У всякого животного есть свои представления, потому что у него есть чувства; оно даже до некоторой степени комбинирует свои представления, и человек отличается в этом отношении от животного лишь как большее от меньшего62. Некоторые философы даже предположили, что один человек больше отличается от другого человека, чем человек – от животного. Следовательно, специфическое отличие, выделяющее человека из всех других животных, составляет не столько разум, сколько его способность действовать свободно. Природа велит всякому живому существу, и животное повинуется. Человек испытывает то же воздействие, но считает себя свободным повиноваться или противиться, и как раз в сознании этой свободы проявляется более всего духовная природа его души. Ибо физика некоторым образом объясняет нам механизм чувств и образования понятий, но в способности желать, или точнее, выбирать, и в ощущении этой способности можно видеть лишь акты чисто духовные, которые ни в коей мере нельзя объяснить, исходя из законов механики.

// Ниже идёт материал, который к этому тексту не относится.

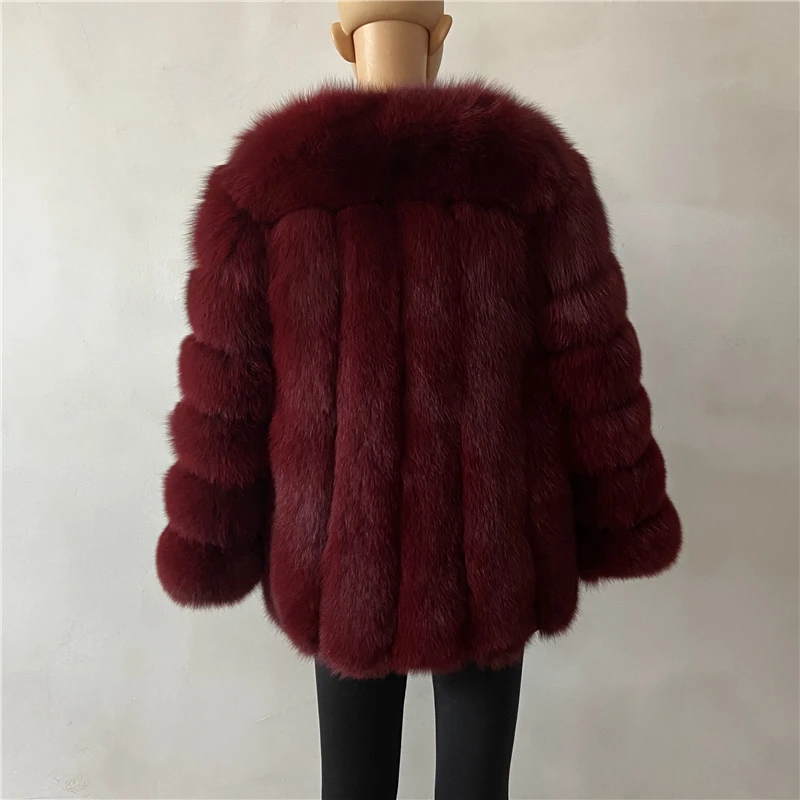 BEIZIRU Winter Woman Real Fox Fur Coat Warm Fashion Natural New Luxury Style Long Sleeve Fashion Girls Jacket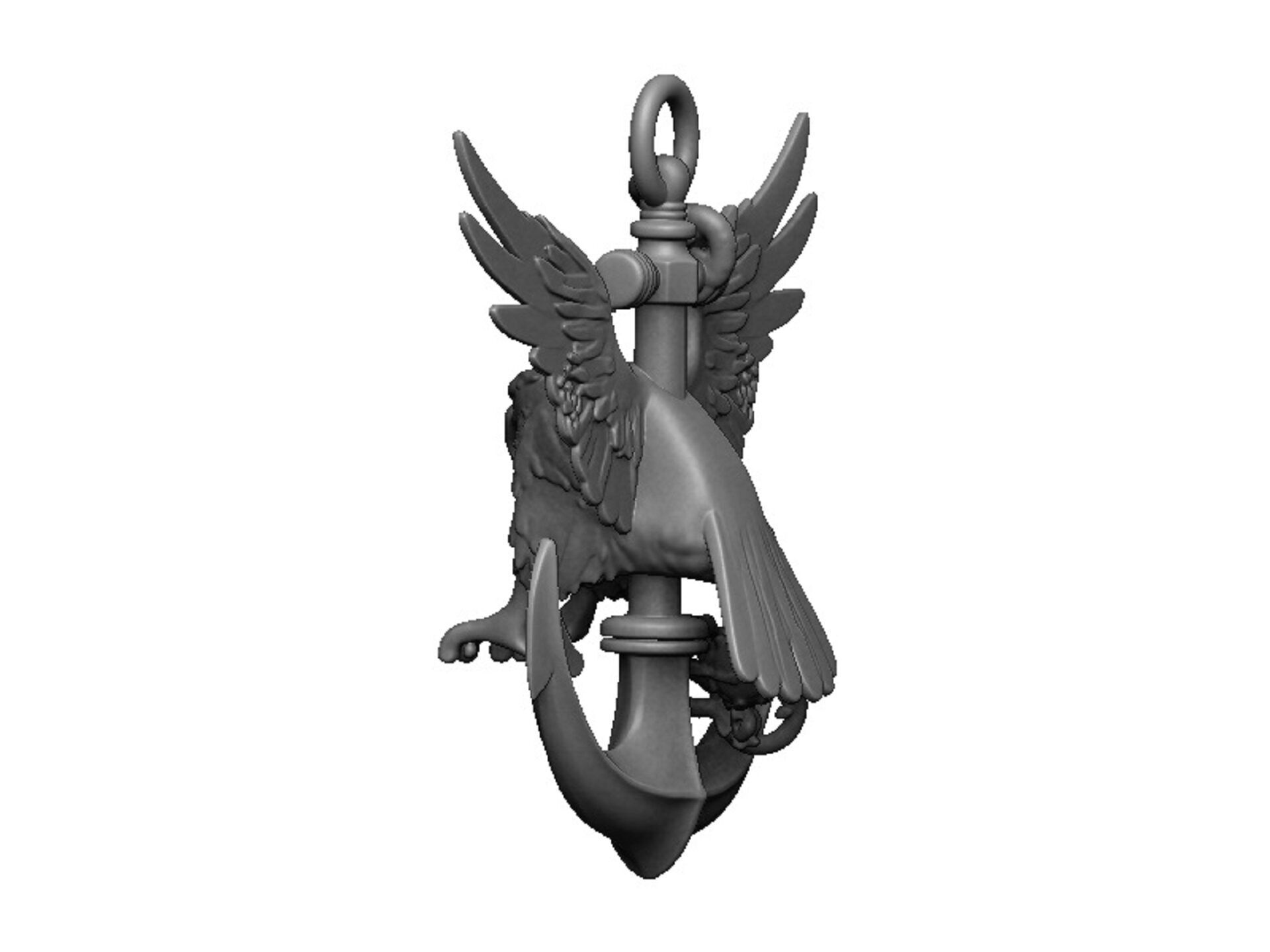 Anchor Pendant 3D print model_5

Но если бы трудности, с которыми связано изучение всех этих вопросов, и оставляли все же некоторый повод для споров относительно этого различия между человеком и животным, то есть другое, весьма характерное и отличающее их одно от другого свойство, которое уже не может вызвать никаких споров: это – способность к самосовершенствованию, которое с помощью различных обстоятельств ведет к последовательному развитию всех остальных способностей, способность, присущая нам как всему роду нашему, так и каждому индивидууму, в то время, как животное, по истечении нескольких месяцев после рождения на свет, становится тем, чем будет всю жизнь, а род его, через тысячу лет, – тем же, чем был он в первый год этого тысячелетия. Почему один только человек способен впадать в слабоумие? Не потому ли, что он таким образом возвращается к изначальному своему состоянию; и в то время как животное, которое ничего не приобрело и которое тем более не может ничего потерять, всегда сохраняет свой инстинкт, человек, теряя вследствие старости или иных злоключений все то, что он приобрел благодаря его способности к совершенствованию63, снова падает таким образом даже ниже еще, чем животное? Было бы печально для нас, если бы мы вынуждены были признать, что эта отличительная и почти неограниченная способность человека есть источник всех его несчастий, что именно она выводит его с течением времени из того первоначального состояния, в котором он проводит свои дни спокойно и невинно; что именно она, способствуя с веками расцвету его знаний и заблуждений, пороков и добродетелей, превращает его со временем в тирана себя самого и природы(1У). Было бы ужасно, если бы мы должны были бы восхвалять, как существо благодетельное, того, кто первым подсказал обитателю берегов Ориноко, как применять дощечки64, которыми он зажимает виски своих детей и которые являются, по меньшей мере, одной из причин их слабоумия и первобытного их счастья.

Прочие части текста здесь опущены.